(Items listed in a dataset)
——————
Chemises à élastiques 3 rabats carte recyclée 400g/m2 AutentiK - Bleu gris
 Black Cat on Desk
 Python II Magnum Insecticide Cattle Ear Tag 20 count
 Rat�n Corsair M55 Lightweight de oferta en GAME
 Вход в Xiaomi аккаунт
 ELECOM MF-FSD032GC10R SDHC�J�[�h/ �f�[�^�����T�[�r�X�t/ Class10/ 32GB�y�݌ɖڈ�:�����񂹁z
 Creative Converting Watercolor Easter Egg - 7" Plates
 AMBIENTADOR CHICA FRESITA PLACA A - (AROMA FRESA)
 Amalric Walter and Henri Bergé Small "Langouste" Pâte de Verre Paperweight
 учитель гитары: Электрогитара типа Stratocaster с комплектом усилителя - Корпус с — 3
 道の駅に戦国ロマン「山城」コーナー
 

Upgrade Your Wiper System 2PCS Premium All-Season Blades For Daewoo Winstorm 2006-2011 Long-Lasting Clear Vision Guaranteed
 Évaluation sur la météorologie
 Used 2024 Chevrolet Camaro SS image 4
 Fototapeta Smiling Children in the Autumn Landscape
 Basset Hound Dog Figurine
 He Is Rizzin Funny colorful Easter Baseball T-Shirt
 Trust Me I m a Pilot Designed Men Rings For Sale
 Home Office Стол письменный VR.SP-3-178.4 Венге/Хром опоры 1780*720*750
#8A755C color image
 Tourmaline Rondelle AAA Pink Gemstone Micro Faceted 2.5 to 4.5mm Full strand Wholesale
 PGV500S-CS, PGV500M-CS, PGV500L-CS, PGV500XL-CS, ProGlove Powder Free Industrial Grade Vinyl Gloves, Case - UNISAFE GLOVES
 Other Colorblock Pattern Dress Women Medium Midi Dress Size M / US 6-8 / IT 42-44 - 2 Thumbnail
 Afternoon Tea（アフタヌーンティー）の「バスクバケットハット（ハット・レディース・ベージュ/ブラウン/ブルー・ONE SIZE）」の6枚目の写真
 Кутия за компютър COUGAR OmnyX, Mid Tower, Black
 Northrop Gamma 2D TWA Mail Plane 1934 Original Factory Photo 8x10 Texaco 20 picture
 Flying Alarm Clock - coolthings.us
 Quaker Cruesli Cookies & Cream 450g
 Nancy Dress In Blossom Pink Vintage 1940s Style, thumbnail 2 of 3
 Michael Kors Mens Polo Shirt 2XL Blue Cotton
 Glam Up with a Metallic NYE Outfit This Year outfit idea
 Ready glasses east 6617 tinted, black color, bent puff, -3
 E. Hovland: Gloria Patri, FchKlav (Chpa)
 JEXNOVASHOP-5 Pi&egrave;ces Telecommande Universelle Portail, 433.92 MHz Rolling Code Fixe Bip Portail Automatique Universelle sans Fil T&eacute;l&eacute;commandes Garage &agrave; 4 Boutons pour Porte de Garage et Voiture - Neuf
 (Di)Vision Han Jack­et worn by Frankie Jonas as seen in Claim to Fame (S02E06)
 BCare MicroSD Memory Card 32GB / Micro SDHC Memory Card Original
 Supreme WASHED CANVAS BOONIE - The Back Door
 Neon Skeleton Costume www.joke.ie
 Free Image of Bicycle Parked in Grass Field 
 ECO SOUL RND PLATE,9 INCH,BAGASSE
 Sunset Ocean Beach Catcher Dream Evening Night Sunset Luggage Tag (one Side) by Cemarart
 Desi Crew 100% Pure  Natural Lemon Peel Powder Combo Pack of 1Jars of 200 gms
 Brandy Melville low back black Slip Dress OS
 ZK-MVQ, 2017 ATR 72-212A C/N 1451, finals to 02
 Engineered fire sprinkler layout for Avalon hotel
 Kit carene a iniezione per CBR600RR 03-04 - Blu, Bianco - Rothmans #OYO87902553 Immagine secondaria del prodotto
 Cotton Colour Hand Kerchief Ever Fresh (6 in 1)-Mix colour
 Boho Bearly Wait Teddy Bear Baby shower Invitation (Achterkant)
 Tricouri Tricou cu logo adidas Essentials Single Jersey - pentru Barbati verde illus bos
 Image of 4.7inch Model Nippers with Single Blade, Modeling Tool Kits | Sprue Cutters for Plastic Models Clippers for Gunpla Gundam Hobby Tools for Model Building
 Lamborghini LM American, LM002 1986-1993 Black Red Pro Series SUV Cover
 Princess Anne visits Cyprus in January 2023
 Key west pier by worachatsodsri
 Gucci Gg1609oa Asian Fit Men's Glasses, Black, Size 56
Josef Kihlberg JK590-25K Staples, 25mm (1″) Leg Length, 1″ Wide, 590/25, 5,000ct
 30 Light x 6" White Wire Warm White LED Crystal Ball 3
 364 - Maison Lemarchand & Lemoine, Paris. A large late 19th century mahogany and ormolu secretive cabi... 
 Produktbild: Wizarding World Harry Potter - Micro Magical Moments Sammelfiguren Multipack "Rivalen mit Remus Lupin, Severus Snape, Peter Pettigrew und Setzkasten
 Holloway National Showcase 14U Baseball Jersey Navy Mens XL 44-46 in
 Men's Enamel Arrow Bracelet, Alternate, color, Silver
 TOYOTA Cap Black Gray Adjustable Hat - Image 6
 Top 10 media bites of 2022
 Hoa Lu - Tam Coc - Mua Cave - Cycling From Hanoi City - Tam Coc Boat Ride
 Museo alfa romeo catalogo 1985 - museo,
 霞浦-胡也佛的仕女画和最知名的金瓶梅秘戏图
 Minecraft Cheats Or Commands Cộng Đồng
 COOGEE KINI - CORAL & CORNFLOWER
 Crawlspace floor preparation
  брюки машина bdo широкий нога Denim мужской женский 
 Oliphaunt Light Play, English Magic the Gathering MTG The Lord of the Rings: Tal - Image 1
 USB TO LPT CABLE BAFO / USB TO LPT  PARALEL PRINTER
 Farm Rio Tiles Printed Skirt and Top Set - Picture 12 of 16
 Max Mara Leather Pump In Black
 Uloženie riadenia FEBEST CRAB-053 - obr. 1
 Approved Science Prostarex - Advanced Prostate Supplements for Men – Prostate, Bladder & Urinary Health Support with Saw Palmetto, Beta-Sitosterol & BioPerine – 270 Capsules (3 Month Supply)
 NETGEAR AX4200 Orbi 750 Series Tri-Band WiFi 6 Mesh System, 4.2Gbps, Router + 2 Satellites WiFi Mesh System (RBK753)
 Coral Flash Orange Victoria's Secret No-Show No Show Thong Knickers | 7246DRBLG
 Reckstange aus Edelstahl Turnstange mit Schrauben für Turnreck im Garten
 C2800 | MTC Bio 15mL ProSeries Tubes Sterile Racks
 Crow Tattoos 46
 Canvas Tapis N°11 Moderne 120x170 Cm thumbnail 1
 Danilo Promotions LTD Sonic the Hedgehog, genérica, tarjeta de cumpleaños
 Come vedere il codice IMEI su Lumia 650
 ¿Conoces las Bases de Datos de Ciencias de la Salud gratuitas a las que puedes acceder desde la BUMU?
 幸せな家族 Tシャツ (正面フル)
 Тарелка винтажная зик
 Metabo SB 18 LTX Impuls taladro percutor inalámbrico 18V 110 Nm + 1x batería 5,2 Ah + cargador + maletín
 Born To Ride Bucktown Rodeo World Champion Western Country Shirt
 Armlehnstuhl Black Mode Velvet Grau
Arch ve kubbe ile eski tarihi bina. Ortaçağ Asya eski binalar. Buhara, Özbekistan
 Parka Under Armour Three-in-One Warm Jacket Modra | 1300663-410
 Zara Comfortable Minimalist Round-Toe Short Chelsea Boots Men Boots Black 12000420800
——————
• [WHAT IS EXPECTED]:
All lines with the word "System" must be located in the data and copied.

• [EXERCISE ANSWER]:
Upgrade Your Wiper System 2PCS Premium All-Season Blades For Daewoo Winstorm 2006-2011 Long-Lasting Clear Vision Guaranteed
 NETGEAR AX4200 Orbi 750 Series Tri-Band WiFi 6 Mesh System, 4.2Gbps, Router + 2 Satellites WiFi Mesh System (RBK753)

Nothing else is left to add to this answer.